§ THE PROBLEM
The output should consist solely of the line containing "bán xe Toyota" and the lines that follow it through the end of the data below.

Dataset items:
##############################

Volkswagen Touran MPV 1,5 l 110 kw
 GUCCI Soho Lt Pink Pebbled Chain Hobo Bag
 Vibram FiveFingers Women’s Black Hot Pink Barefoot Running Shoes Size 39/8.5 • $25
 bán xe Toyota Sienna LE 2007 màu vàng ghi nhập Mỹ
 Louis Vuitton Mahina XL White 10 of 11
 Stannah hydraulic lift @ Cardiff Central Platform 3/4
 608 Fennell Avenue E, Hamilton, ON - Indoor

##############################

§ EXERCISE SOLUTION
 bán xe Toyota Sienna LE 2007 màu vàng ghi nhập Mỹ
 Louis Vuitton Mahina XL White 10 of 11
 Stannah hydraulic lift @ Cardiff Central Platform 3/4
 608 Fennell Avenue E, Hamilton, ON - Indoor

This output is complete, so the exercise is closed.